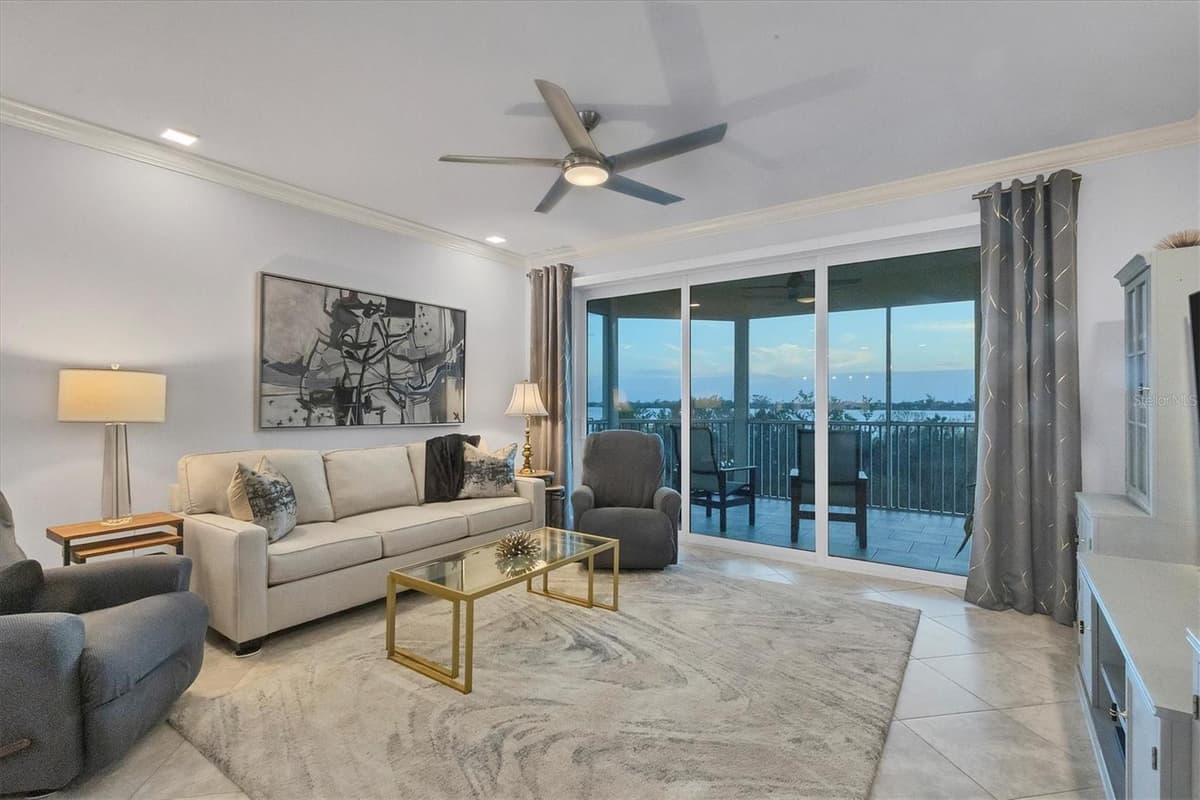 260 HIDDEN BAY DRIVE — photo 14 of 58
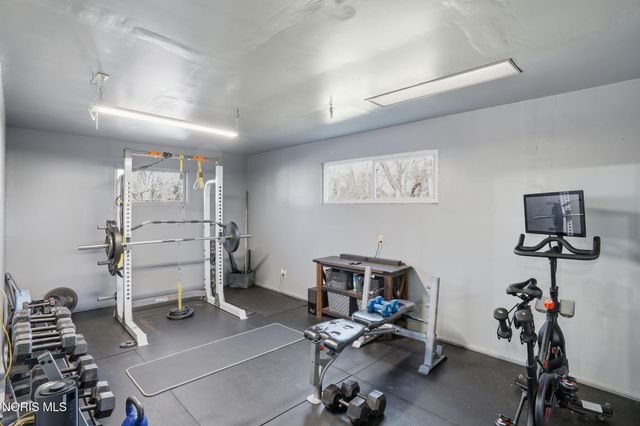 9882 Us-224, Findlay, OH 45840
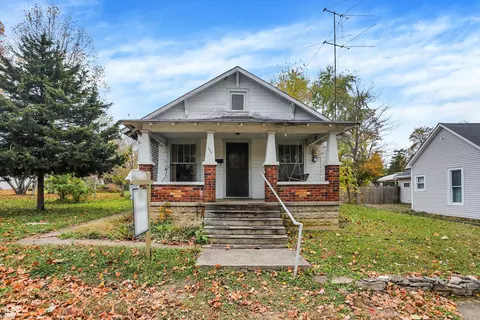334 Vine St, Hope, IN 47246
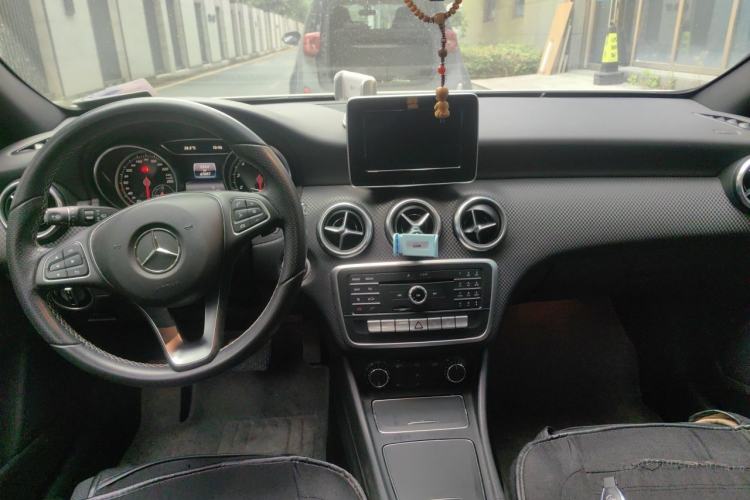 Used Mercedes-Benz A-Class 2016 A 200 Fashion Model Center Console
---+---
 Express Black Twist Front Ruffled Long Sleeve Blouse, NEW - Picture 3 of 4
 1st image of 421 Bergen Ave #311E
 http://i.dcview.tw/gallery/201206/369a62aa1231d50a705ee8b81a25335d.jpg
---+---
*What this task involves*: In the listing above, find the line containing "260 HIDDEN BAY DRIVE — photo 14 of 58" and the line containing "Used Mercedes-Benz A-Class". Reproduce those lines and all between them exactly, with no pictures and nothing more.

*Answer area*:
 260 HIDDEN BAY DRIVE — photo 14 of 58
 9882 Us-224, Findlay, OH 45840
334 Vine St, Hope, IN 47246
 Used Mercedes-Benz A-Class 2016 A 200 Fashion Model Center Console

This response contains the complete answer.